On January 30, 2026, the Company entered into the Agreement and Plan of Merger (the "Merger Agreement"), pursuant to which (i) a wholly owned subsidiary (the "Merger Sub") will merge with and into the Company, with the Company surviving (the "Merger"), (ii) every fifty (50) shares of Common Stock issued and outstanding, or held as treasury stock, will be converted into one (1) share of common stock of the surviving corporation, which shall be the Company, and (iii) the Company's Amended and Restated Certificate of Incorporation would be amended and restated to, among other things, exempt future amendments to Article IV thereof from the supermajority voting requirements of Article IX and instead default to the voting requirements provided by Delaware law. Under Delaware law and the Company's Amended and Restated Certificate of Incorporation, the Merger Agreement must be approved by the holders of a majority of the outstanding shares of Common Stock. The Board has set the close of business on February 2, 2026, as the record date for the determination of stockholders of the Company entitled to vote to adopt and approve the Merger Agreement at a special meeting to be held virtually at a date and time to be noticed to the Company's stockholders pursuant to the Company's Amended and Restated Bylaws.
The foregoing description of the Merger Agreement does not purport to be complete and is qualified in its entirety by reference to the text of the Merger Agreement, a copy of which is filed as Exhibit 1.1 to this Current Report on Form 8-K and is incorporated herein by reference.
Item 7.01 Regulation FD.
As previously disclosed, on December 30, 2025, BioAtla entered into an Investment Agreement (the "Investment Agreement") with Inversagen AI, LLC, a Delaware limited liability company ("Inversagen AI"), and Alliance International Resources Corp., a Nevada corporation ("AIRC").

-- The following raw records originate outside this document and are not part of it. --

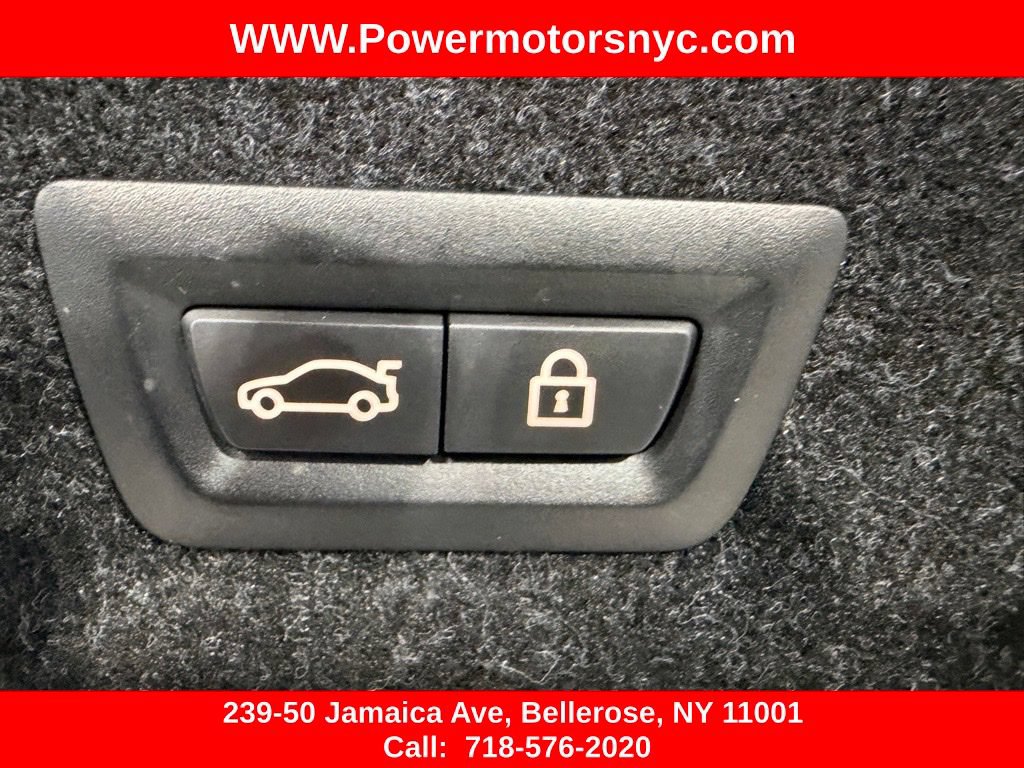 Used 2021 BMW 330e w/ M Sport Package RWD image 17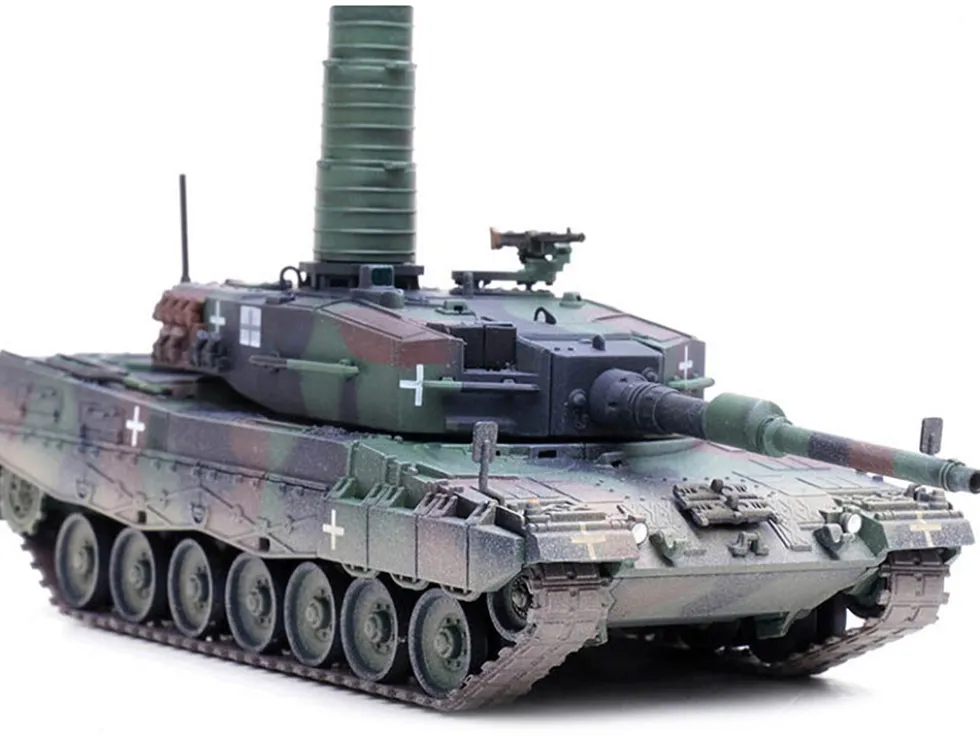 Leopard 2A4 Main Battle Tank with Snorkel "3-Tone Camouflage" Ukrainian Army "Armor Premium" Series 1/72 Diecast Model by Panzerkampf
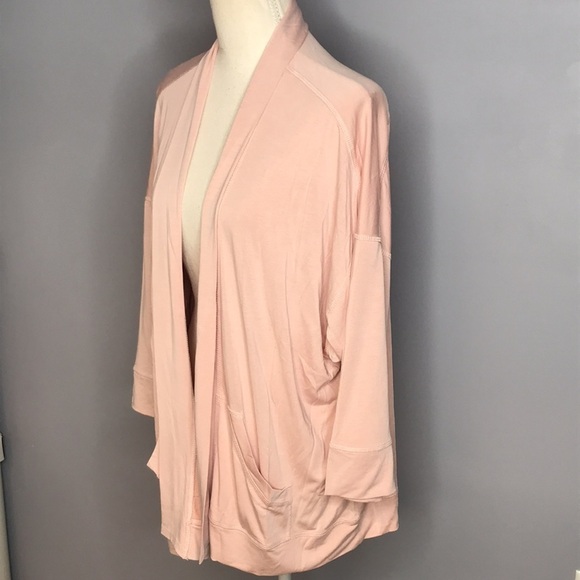 BB Dakota Jackets & Blazers - BB DAKOTA SMALL DUSTY ROSE PINK COVERUP New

Subject to completion of financings by Inversagen AI as set forth in the Investment Agreement, with the initial investment into Inversagen AI being led by AIRC, BioAtla agreed to sell common units of a wholly owned subsidiary, BA 3021 SPV LLC, a Delaware limited liability company (the "SPV") to Inversagen AI in a private placement over multiple closings.
On January 29, 2026, the Company received confirmation from AIRC that AIRC will complete its investment in Inversagen AI, and subject to completion of such investment, Inversagen AI will pay $5 million to BioAtla for the purchase of common units of the SPV that represent 4.375% of the SPV common units.
On January 16, 2026, the Company filed a Form S-3 shelf registration with the Securities and Exchange Commission ("SEC") to replace its expiring universal shelf registration statement that expired on January 17, 2026. In accordance with SEC rules, the Company may make securities offerings under the existing shelf registration statement until the new registration statement is declared effective, subject to a maximum extension of 180 days and subject to continued S-3 eligibility. The renewal maintains continuous flexibility for the Company. To satisfy the Company's obligations pursuant to the Pre-Paid Advance Agreements and Standby Equity Purchase Agreement, the Form S-3 registration statement, once declared effective by the SEC, will also register the offering and sale of common stock pursuant to the Pre-Paid Advance Agreements and the Standby Equity Purchase Agreement dated November 20, 2026 by and between the Company and certain investors named therein. Other than the conversion of the remaining principal aggregate amount outstanding under the Pre-Paid Advance Agreements at the option of the investors, there are no specific plans to offer securities under the shelf registration statement at this time.
The information included in this Item 7.01 is being furnished and shall not be deemed to be "filed" for the purposes of Section 18 of the Exchange Act, or otherwise subject to the liabilities of that section, nor shall it be deemed to be incorporated by reference into any registration statement or other document filed pursuant to the Securities Act, except as shall be expressly set forth by specific reference in such filing.